Just Ain Soph, the infinite nothingness.
And according to Kabbalah, that’s where it all starts.
Kabbalists talk about a kind of triple concept:
- Ain: literally “nothing.” Absolute negation. No form, no being, no concept, no thing. Not even "not."
- Ain Soph: “the Infinite.” No boundaries. No end. Pure unlimitedness. The raw, endless... whatever-it-is.
- Ain Soph Aur: “the Infinite Light.” The first whisper of divine energy, still totally undifferentiated, flooding nowhere, and filling nothing.
This is the “pre-God” zone. Not a being. Not a personality. Not a dude with a beard on a throne. Just a boundless, unknowable presence with no shape, no face, and no name.
You can’t pray to it.
You can’t understand it.
You can barely say it.
Which is exactly the point.
Kabbalists are obsessed with origins. And they realized that if you start your theology with “God created the world,” you’re already too late.
Where did God come from?
What existed before creation?
Ain Soph is their answer. Not a creation myth, a pre-creation myth.
It's not a god. It’s pre-divinity. The background radiation of being. And it’s so abstract that most religious thinkers didn’t want to touch it.
But Kabbalists did.
Because if you want to understand why the world feels broken, or why evil even exists, or how something can come from nothing, you have to start here.
But here’s the paradox: Ain Soph is too infinite to create anything.
You can’t build a world from boundless infinity. There’s no space to put it. No separation. No identity. Just endless being swallowing itself forever.
So the first act of creation isn’t an explosion.
It’s a contraction.
Kabbalists call it Tzimtzum, the withdrawal.

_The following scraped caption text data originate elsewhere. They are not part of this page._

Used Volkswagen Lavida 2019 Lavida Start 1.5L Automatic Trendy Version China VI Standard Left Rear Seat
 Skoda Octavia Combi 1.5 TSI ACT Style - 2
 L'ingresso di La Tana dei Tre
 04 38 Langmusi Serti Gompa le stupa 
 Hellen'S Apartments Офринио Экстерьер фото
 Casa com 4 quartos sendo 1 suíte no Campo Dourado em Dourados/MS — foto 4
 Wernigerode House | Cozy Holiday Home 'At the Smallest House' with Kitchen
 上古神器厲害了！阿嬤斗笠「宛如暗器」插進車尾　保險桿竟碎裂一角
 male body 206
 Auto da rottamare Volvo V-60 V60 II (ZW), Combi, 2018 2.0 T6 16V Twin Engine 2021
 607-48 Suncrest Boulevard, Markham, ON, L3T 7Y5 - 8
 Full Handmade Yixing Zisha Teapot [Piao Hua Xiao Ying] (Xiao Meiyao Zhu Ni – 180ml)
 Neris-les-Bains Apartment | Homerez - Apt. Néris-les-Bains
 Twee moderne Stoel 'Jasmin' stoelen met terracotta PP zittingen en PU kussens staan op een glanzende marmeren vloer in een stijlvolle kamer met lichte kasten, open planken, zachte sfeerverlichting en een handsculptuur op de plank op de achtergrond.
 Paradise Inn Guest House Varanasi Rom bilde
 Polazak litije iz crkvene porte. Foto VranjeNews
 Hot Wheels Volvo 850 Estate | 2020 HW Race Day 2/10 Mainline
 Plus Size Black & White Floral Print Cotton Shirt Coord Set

According to this idea, Ain Soph “pulls back” a part of itself, creating a void. An empty space where something finite could exist.
That’s the first move.
God had to get out of the way for the world to exist.
And that is when creation begins.
This flips the whole divine narrative upside down.
Instead of a God bursting into action and shaping the world, Kabbalah says the original source is so infinite, so unknowable, that it has to retreat just to let something else be.
That’s deep. And it explains why we feel so far from the divine. The source is too big to reach. It’s not even here in the normal sense.
But it left a trail.
And in the space it carved out, divine light started pouring in. That’s when the sefirot were born. That’s when the Tree of Life started forming. That’s when the system went live.